In this embodiment, as shown in fig. 1 and 4, the intermediate power transmission shaft 7 and the third rotating shaft 4 in this embodiment are coaxially disposed, a cylindrical connecting protrusion is disposed at a right end of the third rotating shaft 4, a mounting groove is disposed at a left end of the intermediate power transmission shaft 7 opposite to the connecting protrusion, and the connecting protrusion extends into the mounting groove in a rotating manner, so that the intermediate power transmission shaft 7 is rotatably connected with the third rotating shaft 4; a first hanging meshing gear 90 is arranged at the left end of the middle power transmission shaft 7, and a second meshing sleeve 9 is sleeved on the outer side of the first hanging meshing gear 90 in a sliding manner; further, the first hitching gear 46 in this embodiment is provided with a first external spline hub 461 engaged with a second meshing sleeve 9, the outer diameter of the first external spline hub 461 is equal to that of the first hitching meshing gear 90, the second meshing sleeve 9 slides leftwards, the second meshing sleeve 9 is engaged with the first external spline hub 461 of the first hitching meshing gear 90 and the first hitching gear 46, the intermediate power transmission shaft 7 is connected with the third rotating shaft 4, the intermediate power transmission shaft 7 and the third rotating shaft 4 can synchronously rotate, and the second crawling gear driven gear 70 idles relative to the intermediate power transmission shaft 7. Furthermore, a second external spline hub 701 is arranged at the left end of the second crawling gear driven gear 70 in the embodiment, a second meshing sleeve 9 slides rightwards, the second meshing sleeve 9 is meshed with the second external spline hub 701 which is used for hanging the first meshing gear 90 and the second crawling gear driven gear 70, the second crawling gear driven gear 70 is connected with the intermediate power transmission shaft 7, the second crawling gear driven gear 70 can synchronously rotate with the intermediate power transmission shaft 7, and the intermediate power transmission shaft 7 can rotate relative to the third rotating shaft 4; in addition, the crawling gear transmission mechanism in the embodiment can be arranged in other structures.

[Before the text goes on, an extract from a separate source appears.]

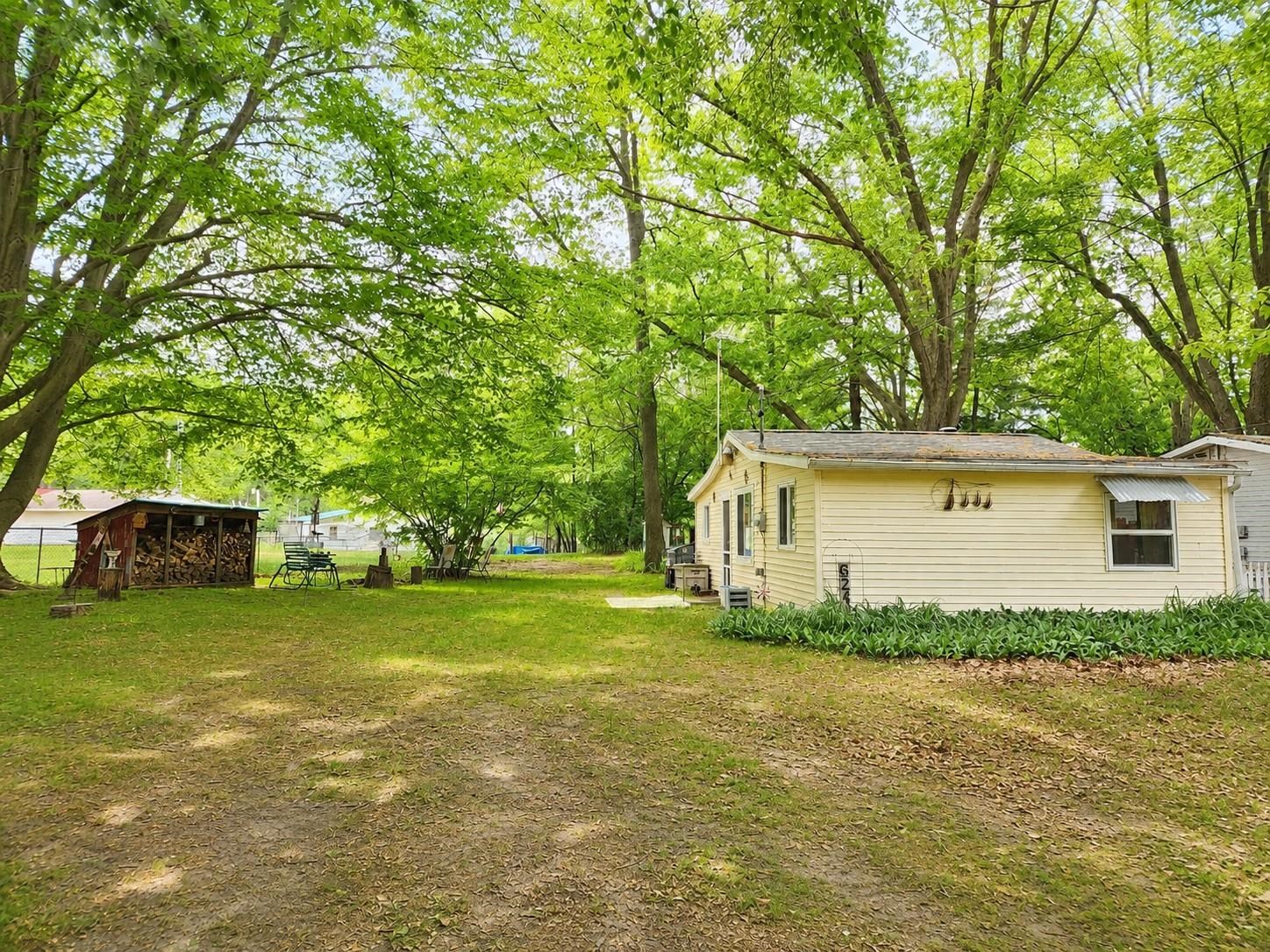 6242 Beech, Lake, MI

In one embodiment of the present invention, as shown in fig. 1 and 4, the plurality of power transmission gears includes a first power transmission gear 51 and a second power transmission gear 52 which are installed at intervals on the power transmission shaft 5;

the plurality of auxiliary transmission driven gears comprise a first auxiliary transmission driven gear 60 and a second auxiliary transmission driven gear 61 which are arranged on the auxiliary transmission output shaft 6 at intervals, and the plurality of first meshing sleeves comprise a first meshing sleeve 62 and a second meshing sleeve 63 which are arranged on the auxiliary transmission output shaft 6 at intervals; the first auxiliary transmission driven gear 60 is meshed with the first power transmission gear 51, the second auxiliary transmission driven gear 61 is meshed with the second power transmission gear 52, the first auxiliary transmission driven gear 60 is movably connected with the auxiliary transmission output shaft 6 through a first meshing sleeve 62, the crawling gear output gear 71 is also movably connected with the auxiliary transmission output shaft 6 through a first meshing sleeve 62, and the second auxiliary transmission driven gear 61 is movably connected with the auxiliary transmission output shaft 6 through a second meshing sleeve 63;

the power transmission shaft 5 is also provided with a sub-transmission power input gear 50 facing the creep speed output gear 71, and the sub-transmission power input gear 50 is meshed with the creep speed output gear 71.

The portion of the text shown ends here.